**Try it:**
Output all of the material beneath this line exactly as it is.
══ Data in this exercise
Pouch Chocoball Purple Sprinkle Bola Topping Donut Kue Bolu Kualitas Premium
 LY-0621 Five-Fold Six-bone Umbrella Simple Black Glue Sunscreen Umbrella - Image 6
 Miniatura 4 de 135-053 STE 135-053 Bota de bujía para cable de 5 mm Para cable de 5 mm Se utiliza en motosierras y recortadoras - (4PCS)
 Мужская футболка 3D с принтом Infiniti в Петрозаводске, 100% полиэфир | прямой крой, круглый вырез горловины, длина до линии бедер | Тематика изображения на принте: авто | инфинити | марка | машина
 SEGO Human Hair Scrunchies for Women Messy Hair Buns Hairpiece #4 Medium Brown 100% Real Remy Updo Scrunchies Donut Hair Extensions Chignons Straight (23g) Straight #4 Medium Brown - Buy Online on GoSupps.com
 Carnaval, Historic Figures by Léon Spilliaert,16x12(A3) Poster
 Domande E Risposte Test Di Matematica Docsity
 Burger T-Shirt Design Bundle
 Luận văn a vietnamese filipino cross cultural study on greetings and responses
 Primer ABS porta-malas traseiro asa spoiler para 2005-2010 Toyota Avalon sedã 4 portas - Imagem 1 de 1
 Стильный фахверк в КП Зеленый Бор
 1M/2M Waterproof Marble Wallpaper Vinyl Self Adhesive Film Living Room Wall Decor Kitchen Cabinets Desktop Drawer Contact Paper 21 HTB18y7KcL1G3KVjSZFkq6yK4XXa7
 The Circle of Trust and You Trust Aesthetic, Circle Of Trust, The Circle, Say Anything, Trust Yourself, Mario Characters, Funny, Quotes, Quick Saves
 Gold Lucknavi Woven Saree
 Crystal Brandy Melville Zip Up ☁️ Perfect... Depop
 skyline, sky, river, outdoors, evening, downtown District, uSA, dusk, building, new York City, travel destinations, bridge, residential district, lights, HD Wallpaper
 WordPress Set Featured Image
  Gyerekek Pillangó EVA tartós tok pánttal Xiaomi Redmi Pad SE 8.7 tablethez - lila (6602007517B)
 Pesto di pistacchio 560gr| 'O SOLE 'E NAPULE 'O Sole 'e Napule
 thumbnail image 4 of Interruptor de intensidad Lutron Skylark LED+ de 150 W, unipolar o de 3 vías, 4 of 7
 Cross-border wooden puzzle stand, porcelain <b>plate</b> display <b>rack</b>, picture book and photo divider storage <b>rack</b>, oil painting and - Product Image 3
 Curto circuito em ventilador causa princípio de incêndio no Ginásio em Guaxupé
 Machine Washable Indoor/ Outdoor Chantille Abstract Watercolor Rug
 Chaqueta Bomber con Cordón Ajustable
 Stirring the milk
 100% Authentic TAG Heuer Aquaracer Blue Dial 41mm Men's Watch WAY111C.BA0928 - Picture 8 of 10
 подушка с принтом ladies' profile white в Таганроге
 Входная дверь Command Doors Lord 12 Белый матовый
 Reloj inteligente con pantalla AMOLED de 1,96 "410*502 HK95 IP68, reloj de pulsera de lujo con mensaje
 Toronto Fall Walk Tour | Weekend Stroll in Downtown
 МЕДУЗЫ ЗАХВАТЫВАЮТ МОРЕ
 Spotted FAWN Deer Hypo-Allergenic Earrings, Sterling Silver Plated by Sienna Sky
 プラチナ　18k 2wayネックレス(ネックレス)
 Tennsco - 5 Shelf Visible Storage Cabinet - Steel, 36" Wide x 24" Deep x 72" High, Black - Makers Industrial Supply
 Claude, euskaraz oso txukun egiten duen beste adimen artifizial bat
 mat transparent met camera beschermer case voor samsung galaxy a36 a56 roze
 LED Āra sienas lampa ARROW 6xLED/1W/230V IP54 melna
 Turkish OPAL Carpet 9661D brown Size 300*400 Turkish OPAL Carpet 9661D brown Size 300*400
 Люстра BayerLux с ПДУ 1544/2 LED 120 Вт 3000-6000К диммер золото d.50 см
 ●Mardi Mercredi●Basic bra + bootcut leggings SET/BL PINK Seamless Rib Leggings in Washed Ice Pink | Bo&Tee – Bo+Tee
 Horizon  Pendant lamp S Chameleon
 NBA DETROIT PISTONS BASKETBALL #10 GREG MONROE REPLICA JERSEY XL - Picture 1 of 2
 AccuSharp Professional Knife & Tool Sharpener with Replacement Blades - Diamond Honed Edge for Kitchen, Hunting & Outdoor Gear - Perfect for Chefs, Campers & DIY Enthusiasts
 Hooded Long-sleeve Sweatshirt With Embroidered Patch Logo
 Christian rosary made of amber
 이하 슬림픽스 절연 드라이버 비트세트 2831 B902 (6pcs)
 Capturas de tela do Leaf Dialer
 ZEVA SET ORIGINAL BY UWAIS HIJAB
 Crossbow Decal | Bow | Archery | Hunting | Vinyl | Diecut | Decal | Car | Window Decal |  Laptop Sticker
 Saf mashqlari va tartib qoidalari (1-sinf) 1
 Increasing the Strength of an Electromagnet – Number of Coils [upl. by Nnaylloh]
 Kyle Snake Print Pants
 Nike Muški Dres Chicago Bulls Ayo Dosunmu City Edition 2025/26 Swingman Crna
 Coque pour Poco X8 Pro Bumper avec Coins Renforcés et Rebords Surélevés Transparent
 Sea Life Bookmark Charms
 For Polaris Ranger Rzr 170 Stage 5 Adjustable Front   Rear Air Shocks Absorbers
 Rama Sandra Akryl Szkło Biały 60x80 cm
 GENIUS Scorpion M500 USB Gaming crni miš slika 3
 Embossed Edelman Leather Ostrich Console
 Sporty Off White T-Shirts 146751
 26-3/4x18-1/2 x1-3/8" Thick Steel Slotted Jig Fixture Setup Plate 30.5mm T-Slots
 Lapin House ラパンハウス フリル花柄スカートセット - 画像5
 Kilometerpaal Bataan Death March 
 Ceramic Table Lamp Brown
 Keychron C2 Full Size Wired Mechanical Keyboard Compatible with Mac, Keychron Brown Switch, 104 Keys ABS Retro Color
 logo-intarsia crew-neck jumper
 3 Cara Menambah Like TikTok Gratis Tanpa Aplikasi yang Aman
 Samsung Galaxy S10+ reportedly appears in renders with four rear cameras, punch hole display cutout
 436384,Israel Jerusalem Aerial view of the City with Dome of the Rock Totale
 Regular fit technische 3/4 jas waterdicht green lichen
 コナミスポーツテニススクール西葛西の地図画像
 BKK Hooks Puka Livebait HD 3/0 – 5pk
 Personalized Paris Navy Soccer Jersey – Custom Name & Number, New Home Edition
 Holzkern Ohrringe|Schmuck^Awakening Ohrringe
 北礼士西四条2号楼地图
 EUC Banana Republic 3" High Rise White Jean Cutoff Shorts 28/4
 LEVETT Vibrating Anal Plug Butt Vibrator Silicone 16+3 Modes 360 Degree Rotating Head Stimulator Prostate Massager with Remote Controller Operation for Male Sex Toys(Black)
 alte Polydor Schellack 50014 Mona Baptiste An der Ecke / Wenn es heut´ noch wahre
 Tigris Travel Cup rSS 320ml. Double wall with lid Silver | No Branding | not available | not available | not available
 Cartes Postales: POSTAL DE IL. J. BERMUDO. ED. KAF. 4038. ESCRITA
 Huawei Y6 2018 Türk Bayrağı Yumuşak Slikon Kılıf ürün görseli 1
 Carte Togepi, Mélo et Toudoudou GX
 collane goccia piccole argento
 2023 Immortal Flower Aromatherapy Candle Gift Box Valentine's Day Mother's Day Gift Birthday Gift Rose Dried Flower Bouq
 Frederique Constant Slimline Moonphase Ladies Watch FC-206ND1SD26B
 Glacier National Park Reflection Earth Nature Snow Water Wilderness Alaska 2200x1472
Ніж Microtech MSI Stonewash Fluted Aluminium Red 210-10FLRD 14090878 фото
════
**Exercise output:**
Pouch Chocoball Purple Sprinkle Bola Topping Donut Kue Bolu Kualitas Premium
 LY-0621 Five-Fold Six-bone Umbrella Simple Black Glue Sunscreen Umbrella - Image 6
 Miniatura 4 de 135-053 STE 135-053 Bota de bujía para cable de 5 mm Para cable de 5 mm Se utiliza en motosierras y recortadoras - (4PCS)
 Мужская футболка 3D с принтом Infiniti в Петрозаводске, 100% полиэфир | прямой крой, круглый вырез горловины, длина до линии бедер | Тематика изображения на принте: авто | инфинити | марка | машина
 SEGO Human Hair Scrunchies for Women Messy Hair Buns Hairpiece #4 Medium Brown 100% Real Remy Updo Scrunchies Donut Hair Extensions Chignons Straight (23g) Straight #4 Medium Brown - Buy Online on GoSupps.com
 Carnaval, Historic Figures by Léon Spilliaert,16x12(A3) Poster
 Domande E Risposte Test Di Matematica Docsity
 Burger T-Shirt Design Bundle
 Luận văn a vietnamese filipino cross cultural study on greetings and responses
 Primer ABS porta-malas traseiro asa spoiler para 2005-2010 Toyota Avalon sedã 4 portas - Imagem 1 de 1
 Стильный фахверк в КП Зеленый Бор
 1M/2M Waterproof Marble Wallpaper Vinyl Self Adhesive Film Living Room Wall Decor Kitchen Cabinets Desktop Drawer Contact Paper 21 HTB18y7KcL1G3KVjSZFkq6yK4XXa7
 The Circle of Trust and You Trust Aesthetic, Circle Of Trust, The Circle, Say Anything, Trust Yourself, Mario Characters, Funny, Quotes, Quick Saves
 Gold Lucknavi Woven Saree
 Crystal Brandy Melville Zip Up ☁️ Perfect... Depop
 skyline, sky, river, outdoors, evening, downtown District, uSA, dusk, building, new York City, travel destinations, bridge, residential district, lights, HD Wallpaper
 WordPress Set Featured Image
  Gyerekek Pillangó EVA tartós tok pánttal Xiaomi Redmi Pad SE 8.7 tablethez - lila (6602007517B)
 Pesto di pistacchio 560gr| 'O SOLE 'E NAPULE 'O Sole 'e Napule
 thumbnail image 4 of Interruptor de intensidad Lutron Skylark LED+ de 150 W, unipolar o de 3 vías, 4 of 7
 Cross-border wooden puzzle stand, porcelain <b>plate</b> display <b>rack</b>, picture book and photo divider storage <b>rack</b>, oil painting and - Product Image 3
 Curto circuito em ventilador causa princípio de incêndio no Ginásio em Guaxupé
 Machine Washable Indoor/ Outdoor Chantille Abstract Watercolor Rug
 Chaqueta Bomber con Cordón Ajustable
 Stirring the milk
 100% Authentic TAG Heuer Aquaracer Blue Dial 41mm Men's Watch WAY111C.BA0928 - Picture 8 of 10
 подушка с принтом ladies' profile white в Таганроге
 Входная дверь Command Doors Lord 12 Белый матовый
 Reloj inteligente con pantalla AMOLED de 1,96 "410*502 HK95 IP68, reloj de pulsera de lujo con mensaje
 Toronto Fall Walk Tour | Weekend Stroll in Downtown
 МЕДУЗЫ ЗАХВАТЫВАЮТ МОРЕ
 Spotted FAWN Deer Hypo-Allergenic Earrings, Sterling Silver Plated by Sienna Sky
 プラチナ　18k 2wayネックレス(ネックレス)
 Tennsco - 5 Shelf Visible Storage Cabinet - Steel, 36" Wide x 24" Deep x 72" High, Black - Makers Industrial Supply
 Claude, euskaraz oso txukun egiten duen beste adimen artifizial bat
 mat transparent met camera beschermer case voor samsung galaxy a36 a56 roze
 LED Āra sienas lampa ARROW 6xLED/1W/230V IP54 melna
 Turkish OPAL Carpet 9661D brown Size 300*400 Turkish OPAL Carpet 9661D brown Size 300*400
 Люстра BayerLux с ПДУ 1544/2 LED 120 Вт 3000-6000К диммер золото d.50 см
 ●Mardi Mercredi●Basic bra + bootcut leggings SET/BL PINK Seamless Rib Leggings in Washed Ice Pink | Bo&Tee – Bo+Tee
 Horizon  Pendant lamp S Chameleon
 NBA DETROIT PISTONS BASKETBALL #10 GREG MONROE REPLICA JERSEY XL - Picture 1 of 2
 AccuSharp Professional Knife & Tool Sharpener with Replacement Blades - Diamond Honed Edge for Kitchen, Hunting & Outdoor Gear - Perfect for Chefs, Campers & DIY Enthusiasts
 Hooded Long-sleeve Sweatshirt With Embroidered Patch Logo
 Christian rosary made of amber
 이하 슬림픽스 절연 드라이버 비트세트 2831 B902 (6pcs)
 Capturas de tela do Leaf Dialer
 ZEVA SET ORIGINAL BY UWAIS HIJAB
 Crossbow Decal | Bow | Archery | Hunting | Vinyl | Diecut | Decal | Car | Window Decal |  Laptop Sticker
 Saf mashqlari va tartib qoidalari (1-sinf) 1
 Increasing the Strength of an Electromagnet – Number of Coils [upl. by Nnaylloh]
 Kyle Snake Print Pants
 Nike Muški Dres Chicago Bulls Ayo Dosunmu City Edition 2025/26 Swingman Crna
 Coque pour Poco X8 Pro Bumper avec Coins Renforcés et Rebords Surélevés Transparent
 Sea Life Bookmark Charms
 For Polaris Ranger Rzr 170 Stage 5 Adjustable Front   Rear Air Shocks Absorbers
 Rama Sandra Akryl Szkło Biały 60x80 cm
 GENIUS Scorpion M500 USB Gaming crni miš slika 3
 Embossed Edelman Leather Ostrich Console
 Sporty Off White T-Shirts 146751
 26-3/4x18-1/2 x1-3/8" Thick Steel Slotted Jig Fixture Setup Plate 30.5mm T-Slots
 Lapin House ラパンハウス フリル花柄スカートセット - 画像5
 Kilometerpaal Bataan Death March 
 Ceramic Table Lamp Brown
 Keychron C2 Full Size Wired Mechanical Keyboard Compatible with Mac, Keychron Brown Switch, 104 Keys ABS Retro Color
 logo-intarsia crew-neck jumper
 3 Cara Menambah Like TikTok Gratis Tanpa Aplikasi yang Aman
 Samsung Galaxy S10+ reportedly appears in renders with four rear cameras, punch hole display cutout
 436384,Israel Jerusalem Aerial view of the City with Dome of the Rock Totale
 Regular fit technische 3/4 jas waterdicht green lichen
 コナミスポーツテニススクール西葛西の地図画像
 BKK Hooks Puka Livebait HD 3/0 – 5pk
 Personalized Paris Navy Soccer Jersey – Custom Name & Number, New Home Edition
 Holzkern Ohrringe|Schmuck^Awakening Ohrringe
 北礼士西四条2号楼地图
 EUC Banana Republic 3" High Rise White Jean Cutoff Shorts 28/4
 LEVETT Vibrating Anal Plug Butt Vibrator Silicone 16+3 Modes 360 Degree Rotating Head Stimulator Prostate Massager with Remote Controller Operation for Male Sex Toys(Black)
 alte Polydor Schellack 50014 Mona Baptiste An der Ecke / Wenn es heut´ noch wahre
 Tigris Travel Cup rSS 320ml. Double wall with lid Silver | No Branding | not available | not available | not available
 Cartes Postales: POSTAL DE IL. J. BERMUDO. ED. KAF. 4038. ESCRITA
 Huawei Y6 2018 Türk Bayrağı Yumuşak Slikon Kılıf ürün görseli 1
 Carte Togepi, Mélo et Toudoudou GX
 collane goccia piccole argento
 2023 Immortal Flower Aromatherapy Candle Gift Box Valentine's Day Mother's Day Gift Birthday Gift Rose Dried Flower Bouq
 Frederique Constant Slimline Moonphase Ladies Watch FC-206ND1SD26B
 Glacier National Park Reflection Earth Nature Snow Water Wilderness Alaska 2200x1472
Ніж Microtech MSI Stonewash Fluted Aluminium Red 210-10FLRD 14090878 фото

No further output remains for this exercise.